PVR-TC was originally developed to replace the prior PVR vector quantization scheme specifically because of PVR-VQ's high hardware implementation cost for indirect data accesses, so avoiding the expense of more die area in a TC solution was already shown to be a priority of the hardware team.
It's not the HW cost but the memory latency that's the issue... unless you are implying that you'd need very large caches to hide it?

Having said that, some people are manually doing their own "VQ" in the fragment shaders. IIRC Colt McAnlis ( https://twitter.com/duhroach ) of Google seems to be doing this.

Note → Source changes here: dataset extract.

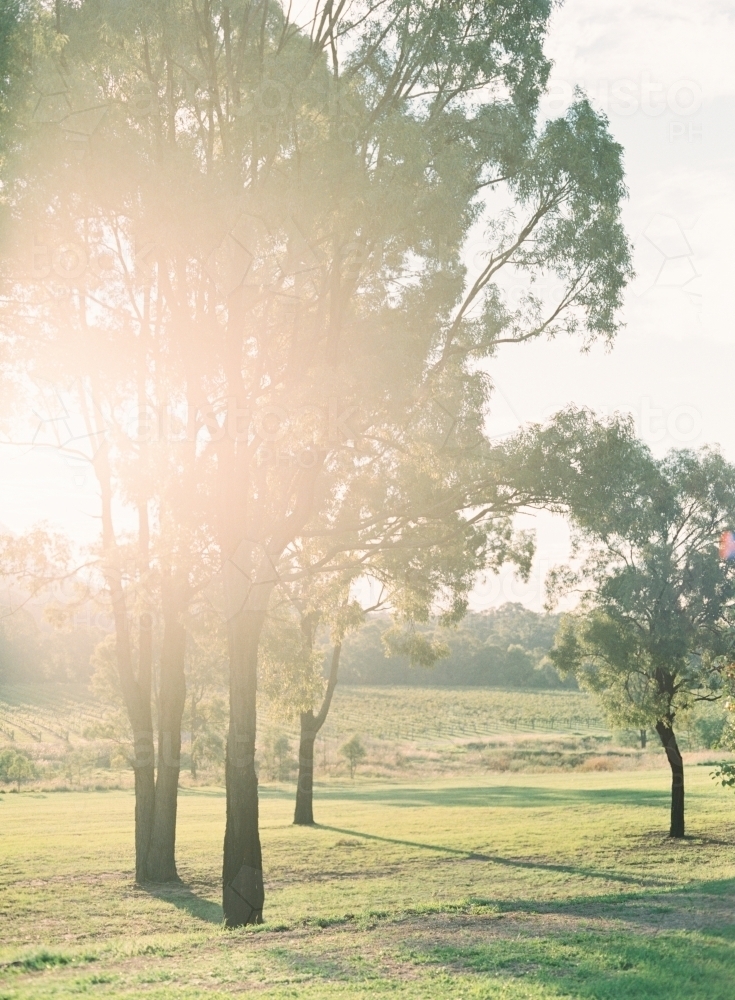 Sunlight shining through trees - Australian Stock Image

See https://www.youtube.com/watch?v=jHXzzHElFPk&index=14&list=PLOU2XLYxmsII5O-vSGx2S3dN-hSVc3Cs_ around 20:40.
 
Shipping, actually. They started manufacturing in Q1.

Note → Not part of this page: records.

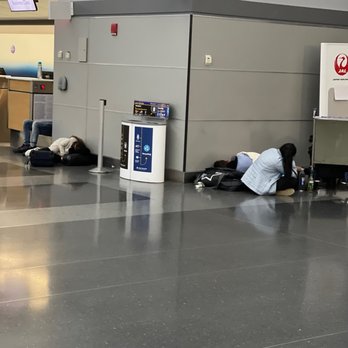 JFK Terminal 8 - Airport Terminals Near Me - Jamaica, New York JFK Terminal 8 - Airport Terminals Near Me - Jamaica, New York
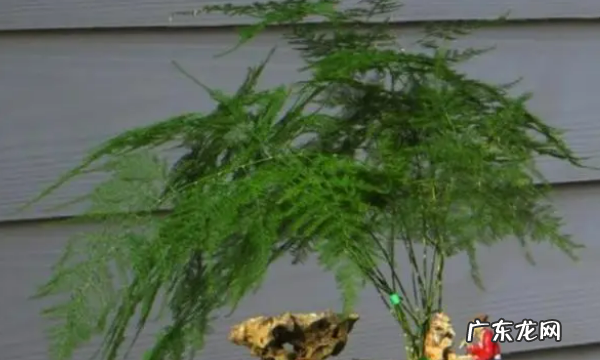 室内适合种什么花,室内适合养的花卉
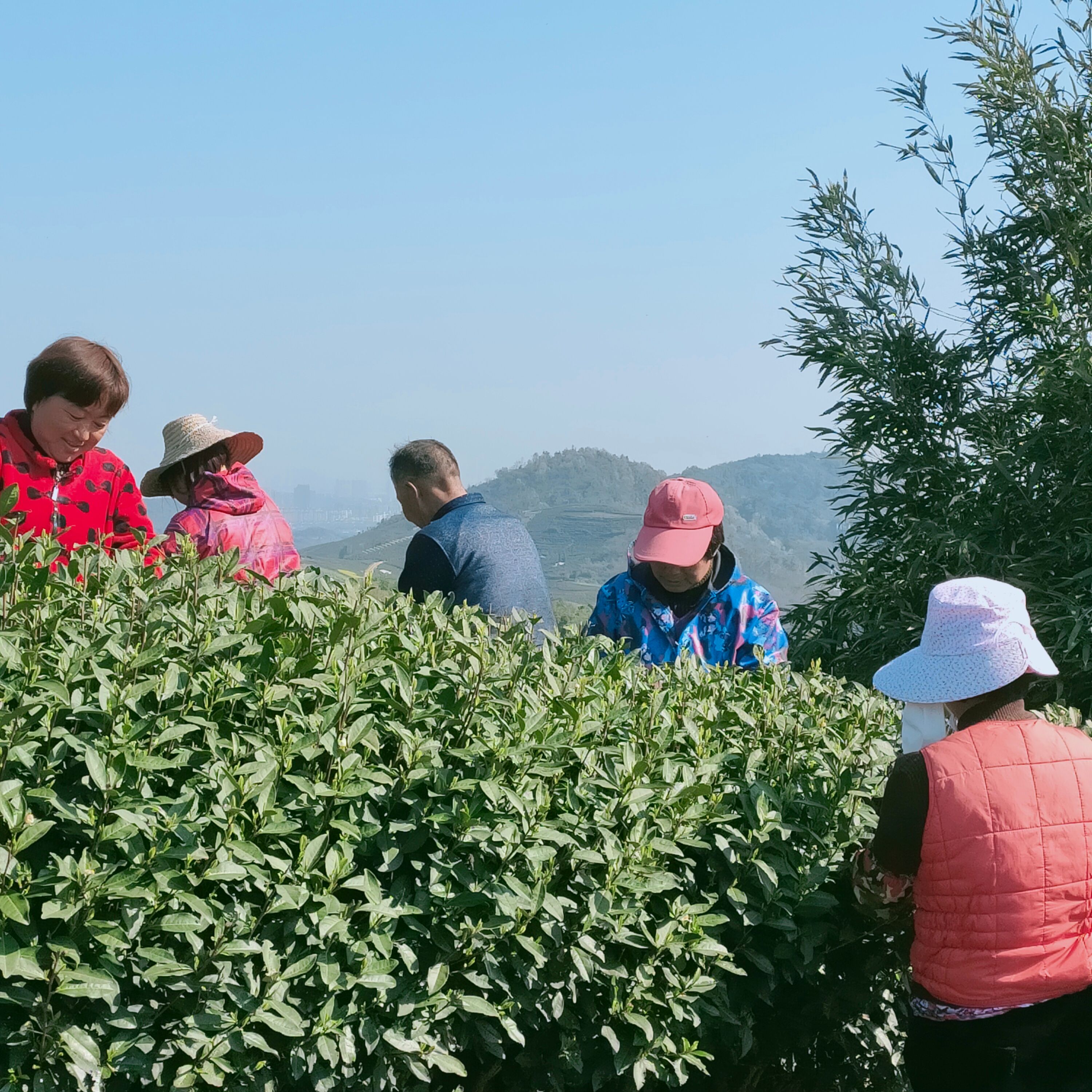 龙井茶，杭州富阳钱塘龙井，产地杭州富阳区，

I seem to recall that anandtech discovered that apple silently changed the soc in the current ipad of the time, from 32nm to 28nm, which was seen as them testing in a limited form. There was no way to tell which ipad had what soc, except the newer one ran for longer and cooler.

It's possible therefore that some A7 devices selling now might have a 20nm chip in them.
 
You mean like they did with the iPad 2, where they switched from a 45 nm A5 chips to a 32 nm A5 chip roughly a year after release?